- **What the task requires**
Reproduce the whole listing word for word. Leave every image out.

- **Records shown**

================

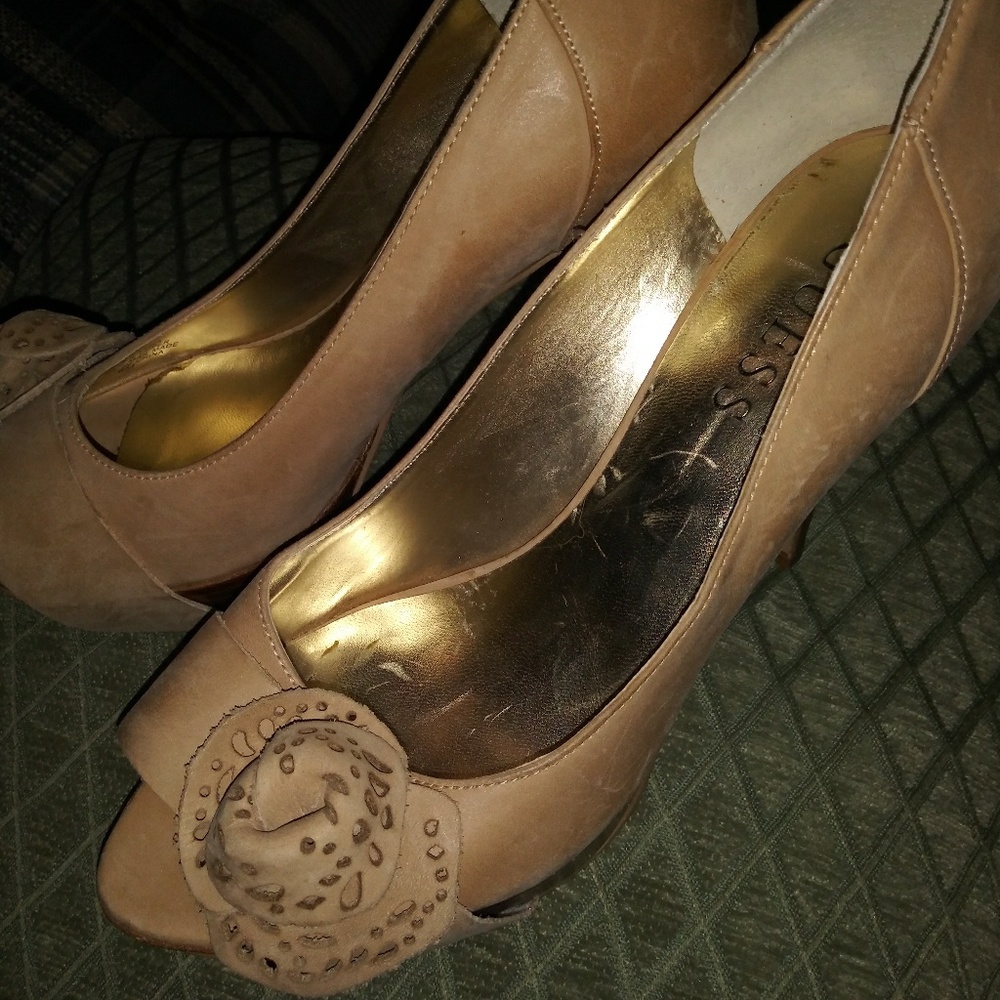 Guess Beige Floral Embelished Heel size 6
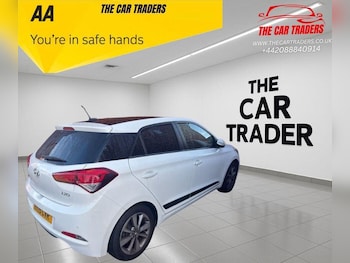 Used Hyundai i20 2015 for sale - 76391332: Photo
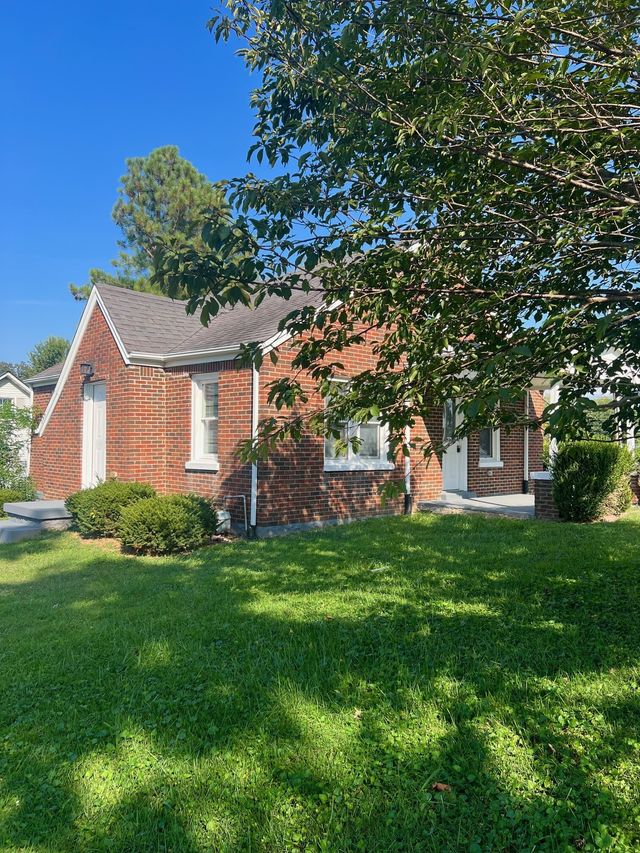 208 Rose St, Lafayette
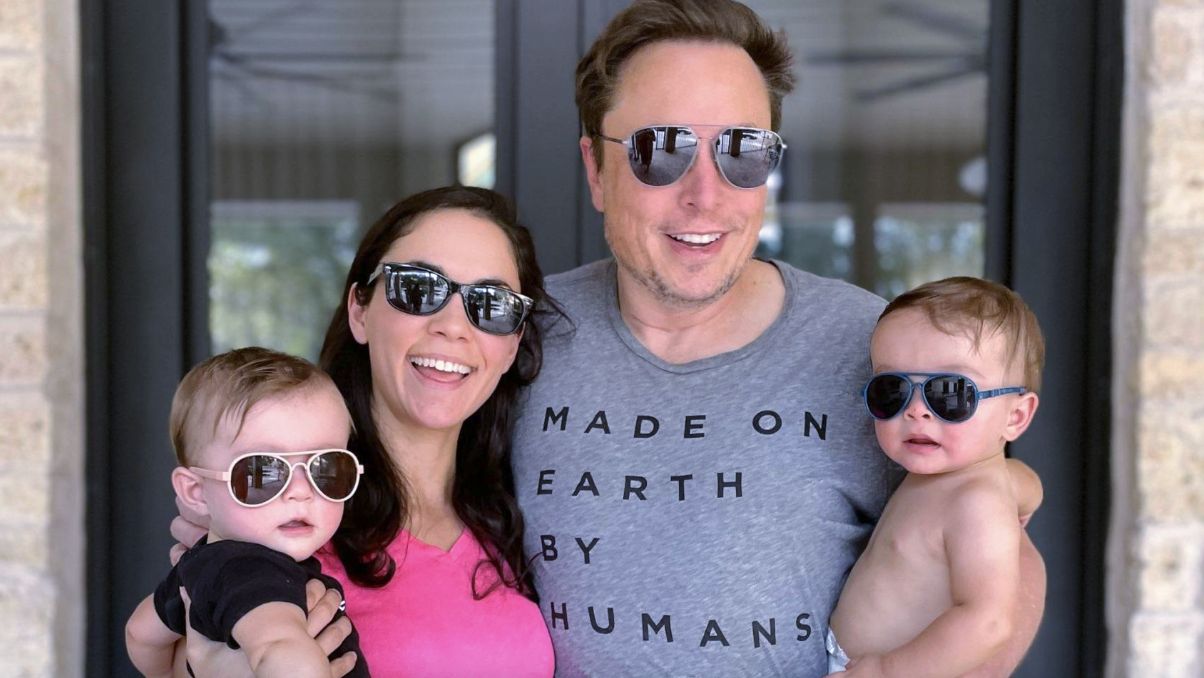Elon Musk rompe "sin previo aviso" con Shivon Zilis, madre de 4 de sus hijos: ella publica capturas de sus mensajes en X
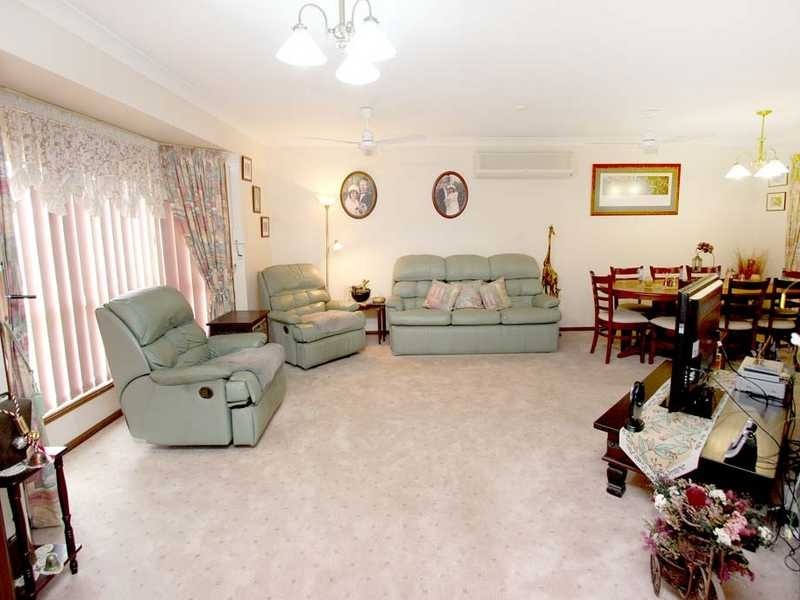 9 Oriole Close, Flinders View QLD 4305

================

- **Output**
 Guess Beige Floral Embelished Heel size 6
 Used Hyundai i20 2015 for sale - 76391332: Photo
 208 Rose St, Lafayette
Elon Musk rompe "sin previo aviso" con Shivon Zilis, madre de 4 de sus hijos: ella publica capturas de sus mensajes en X
 9 Oriole Close, Flinders View QLD 4305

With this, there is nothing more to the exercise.